Once you find the line that contains "431.73 (Monoisotopic)" in the entries below, give it again along with every following line, unchanged, through the final one.

(Data to use begins)

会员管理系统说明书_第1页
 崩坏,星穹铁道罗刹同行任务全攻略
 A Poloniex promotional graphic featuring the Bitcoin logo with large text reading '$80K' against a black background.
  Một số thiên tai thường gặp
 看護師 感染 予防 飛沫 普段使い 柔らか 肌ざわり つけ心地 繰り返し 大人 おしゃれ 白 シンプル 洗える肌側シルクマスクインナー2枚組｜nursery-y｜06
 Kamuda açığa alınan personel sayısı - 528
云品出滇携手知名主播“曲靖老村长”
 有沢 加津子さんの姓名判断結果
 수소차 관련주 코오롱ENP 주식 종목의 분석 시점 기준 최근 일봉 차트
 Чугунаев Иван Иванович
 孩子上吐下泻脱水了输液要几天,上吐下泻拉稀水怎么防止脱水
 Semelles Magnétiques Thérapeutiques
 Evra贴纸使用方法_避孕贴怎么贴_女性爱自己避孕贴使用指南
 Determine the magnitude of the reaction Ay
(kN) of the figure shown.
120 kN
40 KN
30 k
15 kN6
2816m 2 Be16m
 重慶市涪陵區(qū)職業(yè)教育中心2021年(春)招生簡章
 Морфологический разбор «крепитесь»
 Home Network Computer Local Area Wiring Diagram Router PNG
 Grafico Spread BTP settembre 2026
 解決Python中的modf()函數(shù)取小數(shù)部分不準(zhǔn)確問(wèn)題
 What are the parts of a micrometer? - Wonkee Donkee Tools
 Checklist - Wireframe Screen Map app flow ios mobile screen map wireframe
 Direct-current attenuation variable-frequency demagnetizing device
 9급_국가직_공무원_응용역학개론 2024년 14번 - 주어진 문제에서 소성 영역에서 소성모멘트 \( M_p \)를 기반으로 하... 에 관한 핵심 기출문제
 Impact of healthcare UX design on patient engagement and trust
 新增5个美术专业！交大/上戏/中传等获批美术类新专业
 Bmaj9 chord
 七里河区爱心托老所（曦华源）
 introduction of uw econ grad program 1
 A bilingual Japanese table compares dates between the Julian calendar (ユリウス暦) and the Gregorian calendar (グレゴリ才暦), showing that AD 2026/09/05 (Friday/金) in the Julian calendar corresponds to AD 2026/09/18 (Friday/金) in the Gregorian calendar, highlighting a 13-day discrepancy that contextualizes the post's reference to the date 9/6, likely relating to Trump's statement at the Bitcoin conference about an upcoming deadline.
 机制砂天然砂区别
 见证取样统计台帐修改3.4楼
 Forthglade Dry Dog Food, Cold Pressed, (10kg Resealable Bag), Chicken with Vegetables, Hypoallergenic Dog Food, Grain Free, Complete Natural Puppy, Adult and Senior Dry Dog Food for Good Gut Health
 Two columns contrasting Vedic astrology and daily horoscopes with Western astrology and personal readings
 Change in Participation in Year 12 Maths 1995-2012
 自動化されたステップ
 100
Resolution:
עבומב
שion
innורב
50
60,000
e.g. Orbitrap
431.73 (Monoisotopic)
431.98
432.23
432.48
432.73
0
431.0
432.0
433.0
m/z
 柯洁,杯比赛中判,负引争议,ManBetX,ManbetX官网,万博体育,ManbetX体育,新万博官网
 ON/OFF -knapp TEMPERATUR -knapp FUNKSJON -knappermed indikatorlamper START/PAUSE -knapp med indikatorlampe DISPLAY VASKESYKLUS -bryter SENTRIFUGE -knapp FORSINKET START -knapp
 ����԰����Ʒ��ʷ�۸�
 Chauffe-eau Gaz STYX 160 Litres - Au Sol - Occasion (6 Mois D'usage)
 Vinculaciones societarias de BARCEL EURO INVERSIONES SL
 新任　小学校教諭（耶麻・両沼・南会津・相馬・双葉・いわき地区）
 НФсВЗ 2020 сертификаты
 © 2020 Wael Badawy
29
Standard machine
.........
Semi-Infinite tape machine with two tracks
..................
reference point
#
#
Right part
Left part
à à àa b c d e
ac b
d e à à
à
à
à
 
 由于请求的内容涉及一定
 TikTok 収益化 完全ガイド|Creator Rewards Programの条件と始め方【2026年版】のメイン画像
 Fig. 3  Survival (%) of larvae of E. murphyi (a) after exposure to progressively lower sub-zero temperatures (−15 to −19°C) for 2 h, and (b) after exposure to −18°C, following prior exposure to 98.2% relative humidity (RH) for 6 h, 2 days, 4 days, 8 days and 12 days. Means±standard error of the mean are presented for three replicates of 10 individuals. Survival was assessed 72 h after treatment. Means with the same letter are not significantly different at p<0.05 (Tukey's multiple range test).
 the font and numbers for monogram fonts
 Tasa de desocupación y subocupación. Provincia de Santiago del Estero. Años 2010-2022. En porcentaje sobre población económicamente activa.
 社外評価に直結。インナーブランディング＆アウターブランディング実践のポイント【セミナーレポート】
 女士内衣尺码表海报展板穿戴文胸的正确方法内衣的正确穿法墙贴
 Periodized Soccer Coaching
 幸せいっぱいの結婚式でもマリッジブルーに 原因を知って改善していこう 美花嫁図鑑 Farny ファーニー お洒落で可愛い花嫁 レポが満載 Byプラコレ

(Data to use ends)

Task solution.
431.73 (Monoisotopic)
431.98
432.23
432.48
432.73
0
431.0
432.0
433.0
m/z
 柯洁,杯比赛中判,负引争议,ManBetX,ManbetX官网,万博体育,ManbetX体育,新万博官网
 ON/OFF -knapp TEMPERATUR -knapp FUNKSJON -knappermed indikatorlamper START/PAUSE -knapp med indikatorlampe DISPLAY VASKESYKLUS -bryter SENTRIFUGE -knapp FORSINKET START -knapp
 ����԰����Ʒ��ʷ�۸�
 Chauffe-eau Gaz STYX 160 Litres - Au Sol - Occasion (6 Mois D'usage)
 Vinculaciones societarias de BARCEL EURO INVERSIONES SL
 新任　小学校教諭（耶麻・両沼・南会津・相馬・双葉・いわき地区）
 НФсВЗ 2020 сертификаты
 © 2020 Wael Badawy
29
Standard machine
.........
Semi-Infinite tape machine with two tracks
..................
reference point
#
#
Right part
Left part
à à àa b c d e
ac b
d e à à
à
à
à
 
 由于请求的内容涉及一定
 TikTok 収益化 完全ガイド|Creator Rewards Programの条件と始め方【2026年版】のメイン画像
 Fig. 3  Survival (%) of larvae of E. murphyi (a) after exposure to progressively lower sub-zero temperatures (−15 to −19°C) for 2 h, and (b) after exposure to −18°C, following prior exposure to 98.2% relative humidity (RH) for 6 h, 2 days, 4 days, 8 days and 12 days. Means±standard error of the mean are presented for three replicates of 10 individuals. Survival was assessed 72 h after treatment. Means with the same letter are not significantly different at p<0.05 (Tukey's multiple range test).
 the font and numbers for monogram fonts
 Tasa de desocupación y subocupación. Provincia de Santiago del Estero. Años 2010-2022. En porcentaje sobre población económicamente activa.
 社外評価に直結。インナーブランディング＆アウターブランディング実践のポイント【セミナーレポート】
 女士内衣尺码表海报展板穿戴文胸的正确方法内衣的正确穿法墙贴
 Periodized Soccer Coaching
 幸せいっぱいの結婚式でもマリッジブルーに 原因を知って改善していこう 美花嫁図鑑 Farny ファーニー お洒落で可愛い花嫁 レポが満載 Byプラコレ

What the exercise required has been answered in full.